On stat1007:
```
$ ls -l /srv/published/datasets/discovery/metrics/external_traffic/
total 5548
-rw-rw-r-- 1 analytics-search analytics-search-users 3110291 Feb 9 05:02 referer_data.tsv
-rw-rw-r-- 1 analytics-search analytics-search-users 2565465 Feb 9 05:04 referer_nonbot_data.tsv
$ tail -n 1 /srv/published/datasets/discovery/metrics/external_traffic/referer_data.tsv
2021-02-08 TRUE external (search engine) Daum mobile web 141338
$ ls -l /srv/published/datasets/discovery/metrics/wdqs/
total 848
-rw-rw-r-- 1 analytics-search analytics-search-users 864510 Feb 9 05:07 basic_usage.tsv
$ tail -n 1 /srv/published/datasets/discovery/metrics/wdqs/basic_usage.tsv
2021-02-08 /bigdata/ldf TRUE FALSE 14
```
These files are generated with the help of [[ https://wikitech.wikimedia.org/wiki/Analytics/Systems/Reportupdater | Reportupdater ]], run by [[ https://gerrit.wikimedia.org/r/plugins/gitiles/wikimedia/discovery/golden/+/refs/heads/master/main.sh | main.sh ]] that is scheduled through `kerberos::systemd_timer` in this manifest: [[ https://gerrit.wikimedia.org/r/plugins/gitiles/operations/puppet/+/refs/heads/production/modules/statistics/manifests/discovery.pp | statistics/discovery.pp ]]. That belongs to the miscellaneous jobs manifest ([[ https://gerrit.wikimedia.org/r/plugins/gitiles/operations/puppet/+/refs/heads/production/modules/profile/manifests/statistics/explorer/misc_jobs.pp | profile::statistics::explorer::misc_jobs ]]).

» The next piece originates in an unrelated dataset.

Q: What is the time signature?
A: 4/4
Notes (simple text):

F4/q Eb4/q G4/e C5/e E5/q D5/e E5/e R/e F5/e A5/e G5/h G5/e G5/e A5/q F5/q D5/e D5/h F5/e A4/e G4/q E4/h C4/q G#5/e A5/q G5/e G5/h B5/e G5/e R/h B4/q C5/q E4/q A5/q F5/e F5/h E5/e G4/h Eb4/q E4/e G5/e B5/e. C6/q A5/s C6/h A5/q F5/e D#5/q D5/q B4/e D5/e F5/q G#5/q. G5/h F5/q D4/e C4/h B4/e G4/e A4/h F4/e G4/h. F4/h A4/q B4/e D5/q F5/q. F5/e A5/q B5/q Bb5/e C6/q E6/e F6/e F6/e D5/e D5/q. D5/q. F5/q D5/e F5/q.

**Notes**: Both reports are non-R scripts that run `hive`:
- [[ https://gerrit.wikimedia.org/r/plugins/gitiles/wikimedia/discovery/golden/+/refs/heads/master/modules/metrics/external_traffic/referer_data | modules/metrics/external_traffic/referer_data ]] (and [[ https://gerrit.wikimedia.org/r/plugins/gitiles/wikimedia/discovery/golden/+/refs/heads/master/modules/metrics/external_traffic/referer_nonbot_data | referer_nonbot_data ]])

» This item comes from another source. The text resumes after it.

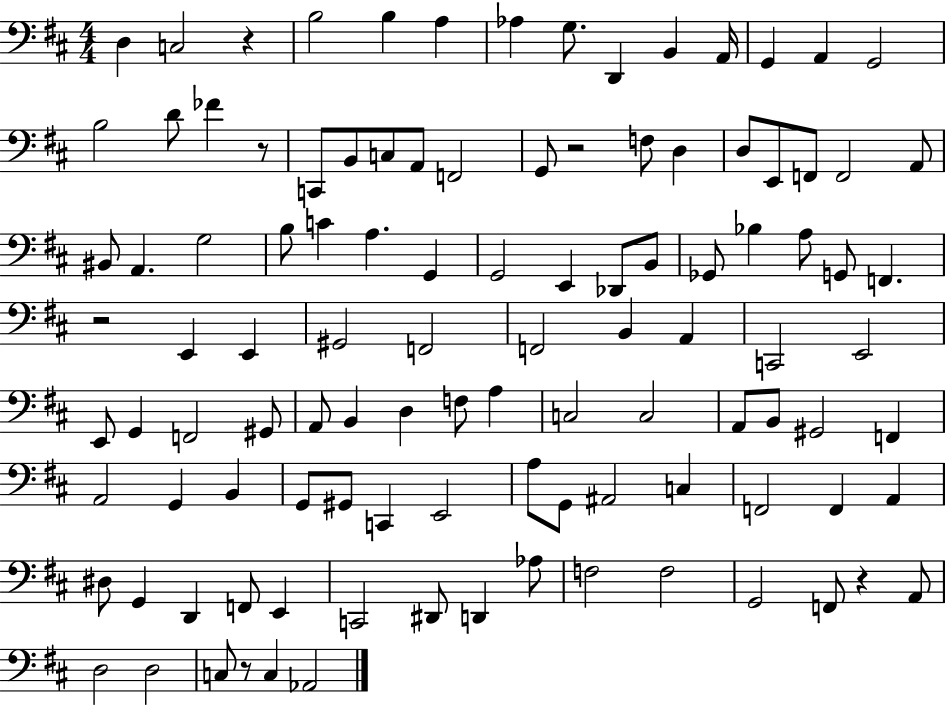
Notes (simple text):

D3/q C3/h R/q B3/h B3/q A3/q Ab3/q G3/e. D2/q B2/q A2/s G2/q A2/q G2/h B3/h D4/e FES4/q R/e C2/e B2/e C3/e A2/e F2/h G2/e R/h F3/e D3/q D3/e E2/e F2/e F2/h A2/e BIS2/e A2/q. G3/h B3/e C4/q A3/q. G2/q G2/h E2/q Db2/e B2/e Gb2/e Bb3/q A3/e G2/e F2/q. R/h E2/q E2/q G#2/h F2/h F2/h B2/q A2/q C2/h E2/h E2/e G2/q F2/h G#2/e A2/e B2/q D3/q F3/e A3/q C3/h C3/h A2/e B2/e G#2/h F2/q A2/h G2/q B2/q G2/e G#2/e C2/q E2/h A3/e G2/e A#2/h C3/q F2/h F2/q A2/q D#3/e G2/q D2/q F2/e E2/q C2/h D#2/e D2/q Ab3/e F3/h F3/h G2/h F2/e R/q A2/e D3/h D3/h C3/e R/e C3/q Ab2/h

- [[ https://gerrit.wikimedia.org/r/plugins/gitiles/wikimedia/discovery/golden/+/refs/heads/master/modules/metrics/wdqs/basic_usage | modules/metrics/wdqs/basic_usage ]]
These are necessary for the still-used External Traffic (https://discovery.wmflabs.org/external/) and Wikidata Query Service (https://discovery.wmflabs.org/wdqs/) dashboards.
-----
Log of steps taken:
1. updated the reportupdater submodule to the latest commit (https://gerrit.wikimedia.org/r/c/wikimedia/discovery/golden/+/677244)
2. `sudo -u analytics-search git submodule update` in stat1007:/srv/discovery/golden
3. reset my venv on stat1007 via https://wikitech.wikimedia.org/wiki/Analytics/Systems/Jupyter-SWAP#Resetting_user_virtualenvs
4. ran `pip install -U pid python-dateutil pymysql PyYAML Jinja2 dnspython` (pip install -r reportupdater/requirements.txt` failed)
5. Created /srv/discovery/venv and installed reportupdater's dependencies there as analytics-search (see T279443#6994725), so that this process is no longer dependent on me and my venv
6. Uploaded & merged patch that sets PYTHONPATH in discovery.pp (see [[ https://gerrit.wikimedia.org/r/c/operations/puppet/+/678864 | 678864 ]], fixed in [[ https://gerrit.wikimedia.org/r/c/operations/puppet/+/678891 | 678891 ]])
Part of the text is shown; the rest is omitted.